### Assignment
The finished copy should match every record exactly and contain no pictures.
[Start of section]
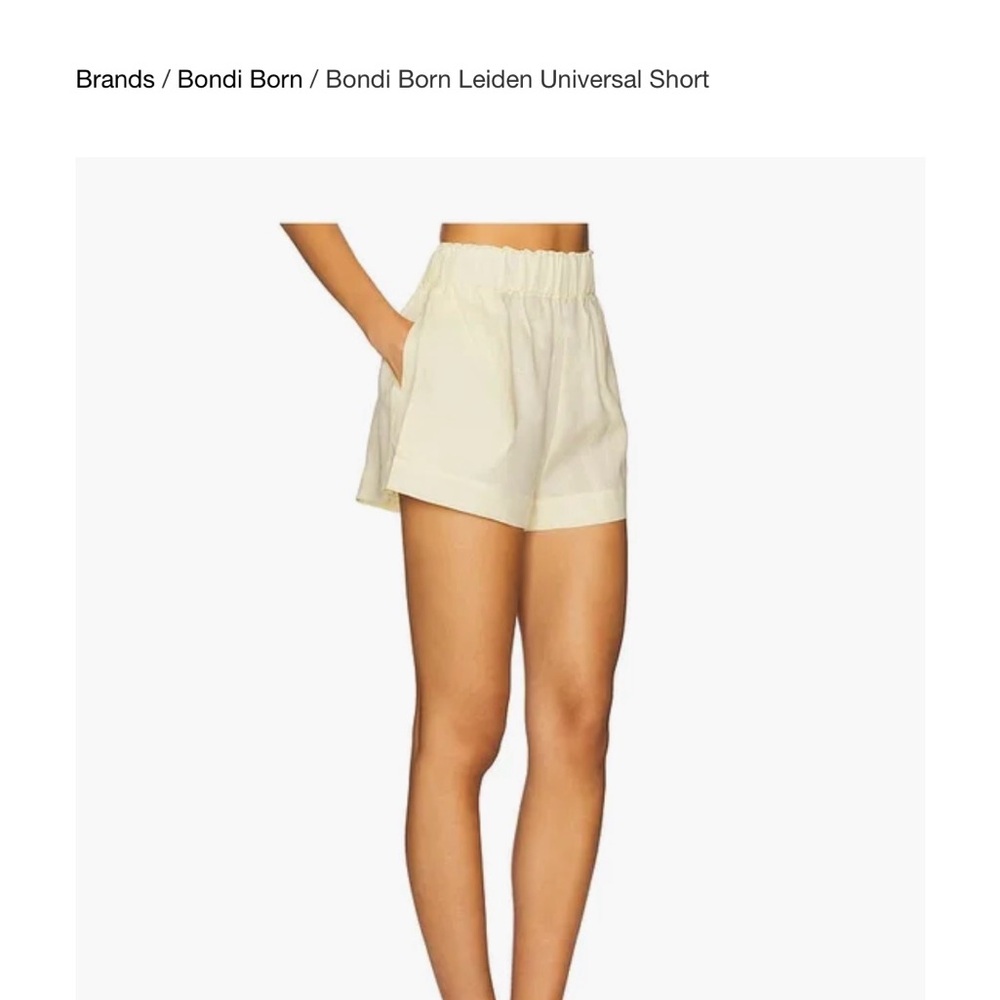 BONDI BORN Cream High-Waist Elastic Shorts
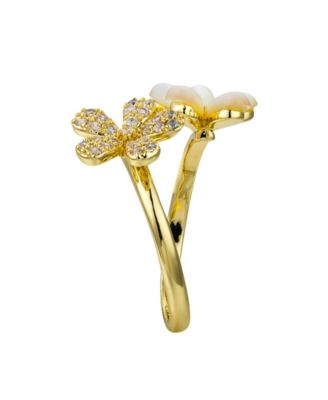 Cubic Zirconia Mother of Pearl Flower Bypass Ring
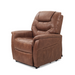 The Golden Tech PR446 DeLuna™ Dione Recliner with Lift Assist in medium offers plush brown leather comfort, cushioned armrests and backrest, side pocket, left-angle design, MaxiComfort Positioning, and Programmable AutoDrive Hand Control for ultimate relaxation.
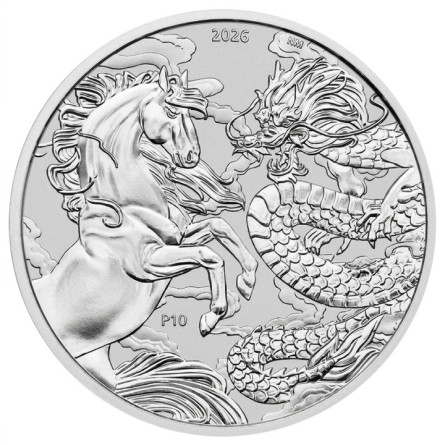 Silbermünze „Chinese Myths: Dragon and Horse“ 2026 BU, 1 Unze
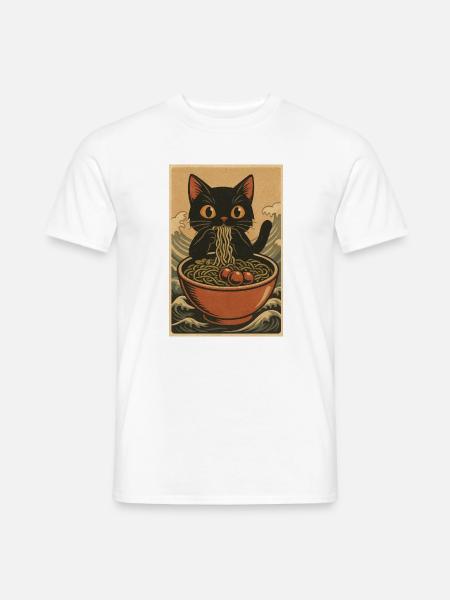 Katzennudelschüssel in den Wellen des Meeres, Katzen - Männer T-Shirt - Weiß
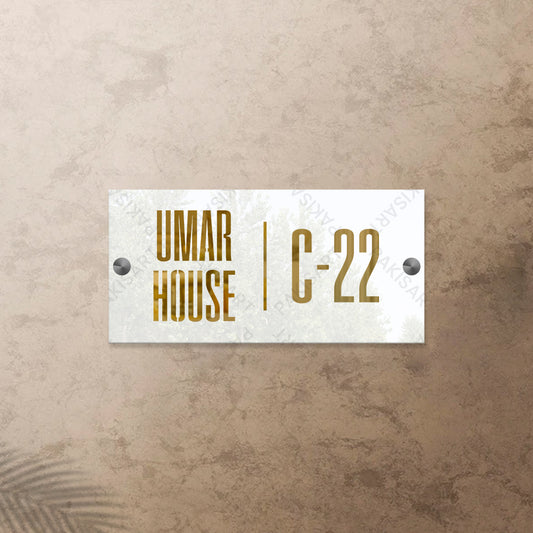 White and Gold Name Plate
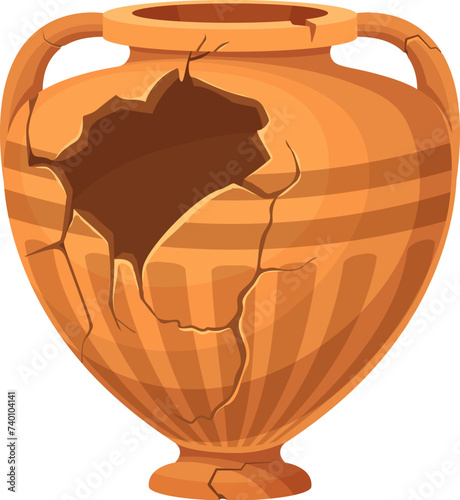 Ancient broken vase and pottery. Old ceramic cracked pot or jug. Isolated cartoon vector antique clay urn or jar, greece or roman amphora. Historical archeological vintage artefact for museum exhibit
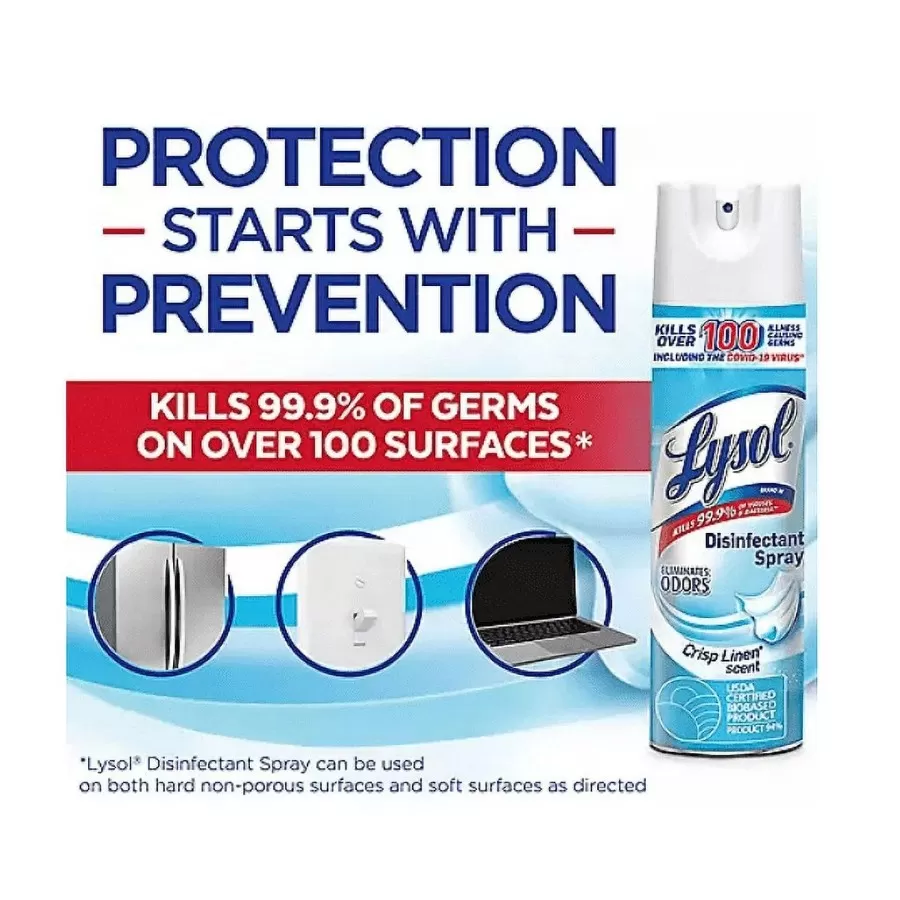 Xịt khử khuẩn không khí Lysol Crisp Linen Scent dung tích 19oz, lựa chọn tối ưu để loại bỏ vi khuẩn trên các bề mặt.
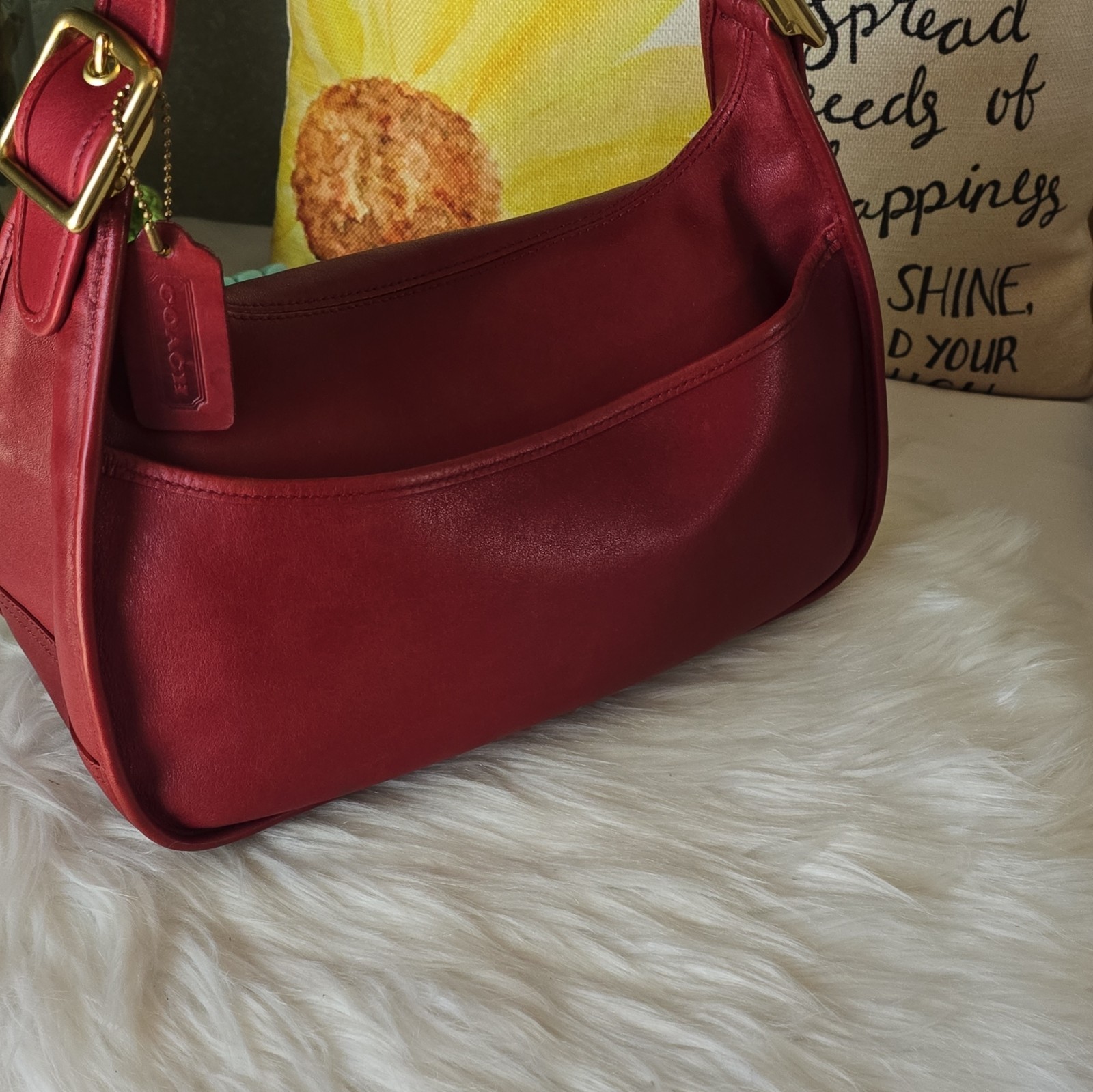 Coach Red Small Crescent Shoulder Bag Turn Lock Gold Hardware Hang Tag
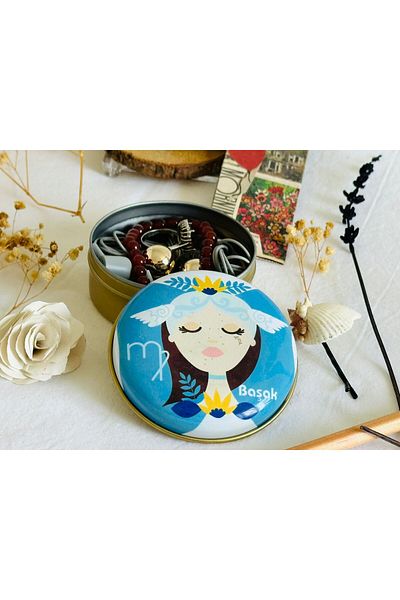 J&M jaco&Me Virgo 4 #   Patterned Metal Box # Soap Box # Keychain Box # Candle Box # Small Jewelry Box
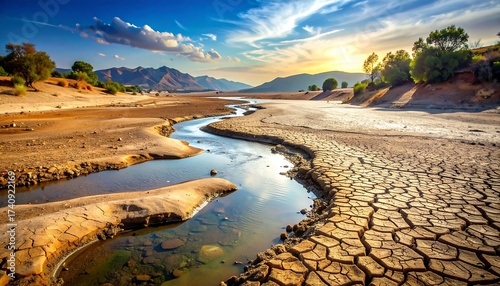 Scenic Landscape Depicting a River and Cracked Earth in a Sunny Environment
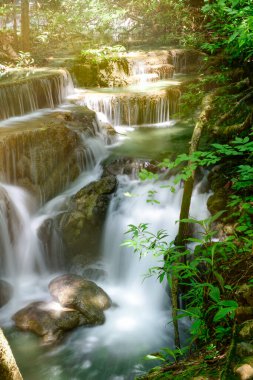 Şelalenin güzel manzarası ve yeşil yapraklar Kanchanaburi, Tayland 'daki Huaymaekamin Şelalesinin ferahlatıcı ve rahatlatıcı arka planı.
[End of section]
### Task result
 BONDI BORN Cream High-Waist Elastic Shorts
 Cubic Zirconia Mother of Pearl Flower Bypass Ring
 The Golden Tech PR446 DeLuna™ Dione Recliner with Lift Assist in medium offers plush brown leather comfort, cushioned armrests and backrest, side pocket, left-angle design, MaxiComfort Positioning, and Programmable AutoDrive Hand Control for ultimate relaxation.
 Silbermünze „Chinese Myths: Dragon and Horse“ 2026 BU, 1 Unze
 Katzennudelschüssel in den Wellen des Meeres, Katzen - Männer T-Shirt - Weiß
 White and Gold Name Plate
 Ancient broken vase and pottery. Old ceramic cracked pot or jug. Isolated cartoon vector antique clay urn or jar, greece or roman amphora. Historical archeological vintage artefact for museum exhibit
 Xịt khử khuẩn không khí Lysol Crisp Linen Scent dung tích 19oz, lựa chọn tối ưu để loại bỏ vi khuẩn trên các bề mặt.
 Coach Red Small Crescent Shoulder Bag Turn Lock Gold Hardware Hang Tag
 J&M jaco&Me Virgo 4 #   Patterned Metal Box # Soap Box # Keychain Box # Candle Box # Small Jewelry Box
 Scenic Landscape Depicting a River and Cracked Earth in a Sunny Environment
 Şelalenin güzel manzarası ve yeşil yapraklar Kanchanaburi, Tayland 'daki Huaymaekamin Şelalesinin ferahlatıcı ve rahatlatıcı arka planı.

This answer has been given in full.